The senior Administration official explained that this repayment would be made by subjecting people who elected the private accounts to an additional reduction in their Social Security benefits (over and above any cuts that may be imposed to restore solvency). The additional benefit reduction would be made by lowering these individuals’ Social Security benefits each month by an amount equal to the monthly income that would come from their account if the account had earned a three percent real rate of return (the assumed rate of interest on Treasury bonds). As a result of this additional benefit reduction, people opting for the accounts would get no net gain from the accounts unless their accounts produced a return higher than three percent above the inflation rate. If the return on their accounts was lower than three percent above the inflation rate, people would lose money as a result of the private accounts, and that loss would be on top of the other Social Security benefit cuts (such as price indexing) to which they were subjected. (The senior official stated in the briefing: “So, basically, the net effect on an individual’s benefits would be zero if his personal account earned a 3 percent real rate of return.” A reporter then asked: “So he would only get a benefit to the extent that his portfolio performed in excess of 3 percent [above inflation]?” The senior official replied: “Right.” See transcript, page 8.)

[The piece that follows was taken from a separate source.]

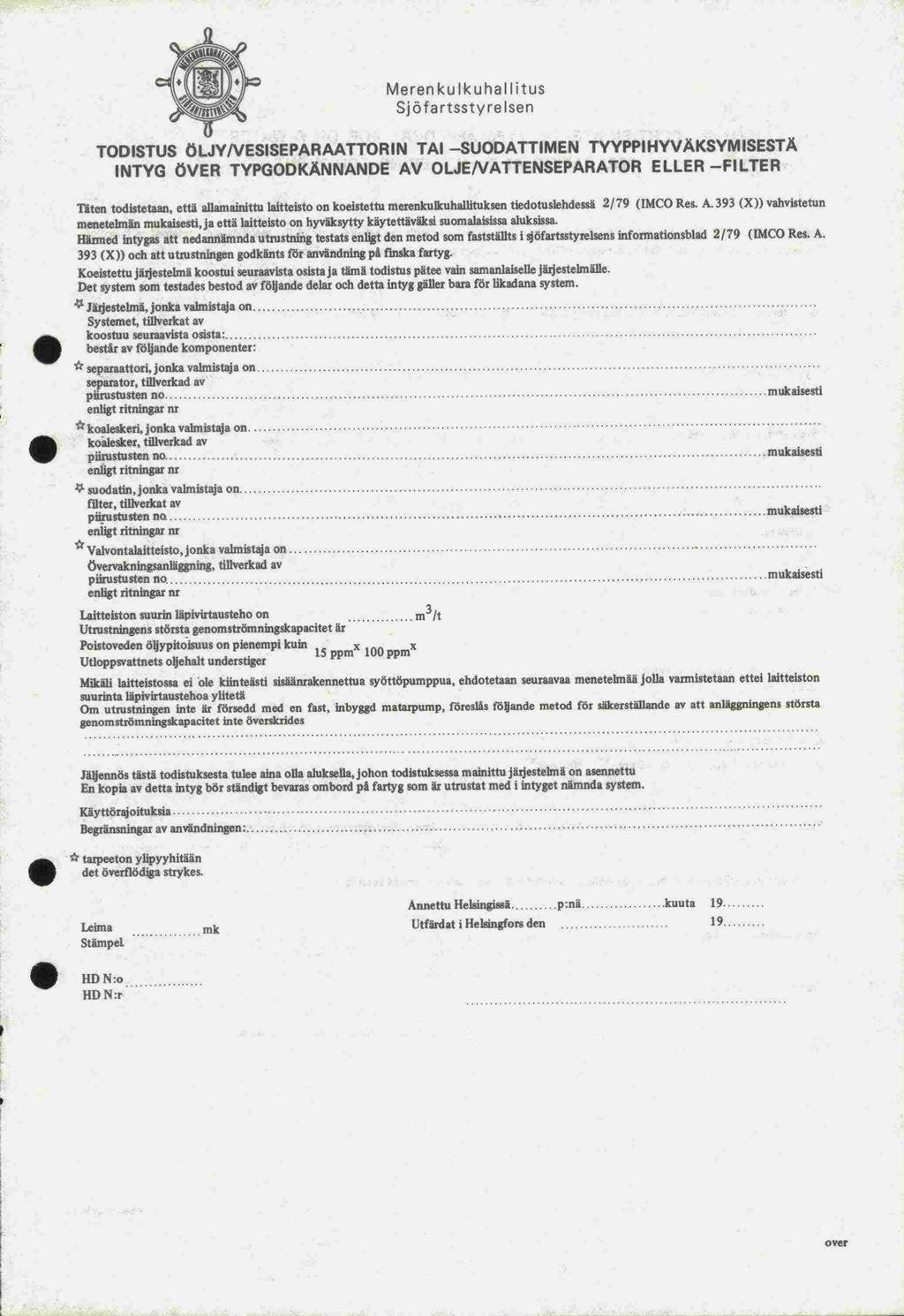 Meren kul k uhal I itus Sjöfartsstyrelsen TOO ISTUS ö LJYNESISEPARAATTOR IN TAI SUODATTIMEN TYYPPI HYVÄKSYM ISESTA AV OLJENATTENSEPARATOR ELLER FILTER INTYG ÖVER TYPGODKÄNNANDE Täten todiatetaan,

As a result, for many workers, the private accounts in the plan would not offset any of the reductions in Social Security benefits that would be part of the plan. For these workers, their entire private account balance would be recaptured by the government when they retired.
 Traditionally, the Social Security actuaries release a memo showing the impacts of Social Security proposals over 75 years. In this case, the actuaries memo shows only 10 years of the plan (see Stephen Goss, Chief Actuary, Social Security Administration, “Preliminary Estimated Effects of a Proposal to Phase In Personal Accounts,” February 3, 2005). As a result, all estimates in this paper are based on a conservative extrapolation of the data past the first 10 years.
Specifically, the White House has not formally decided what happens to the maximum account contribution after 2015, although Administration officials have stated that, “Yearly contribution limits would be raised over time, eventually permitting all workers to set aside 4 percentage points of their payroll taxes in their accounts.” All estimates here assume conservatively that the contribution limits would not continue to be raised after 2015 (beyond the standard indexing for wage inflation) and thus that the accounts would be less than four percent for many middle and upper-income workers. With four percent accounts for everyone, the adverse fiscal impacts of the plan would be larger; for example, the plan would add $5.1 trillion to the debt over its first 20 years (2009-2028), rather than $4.9 trillion.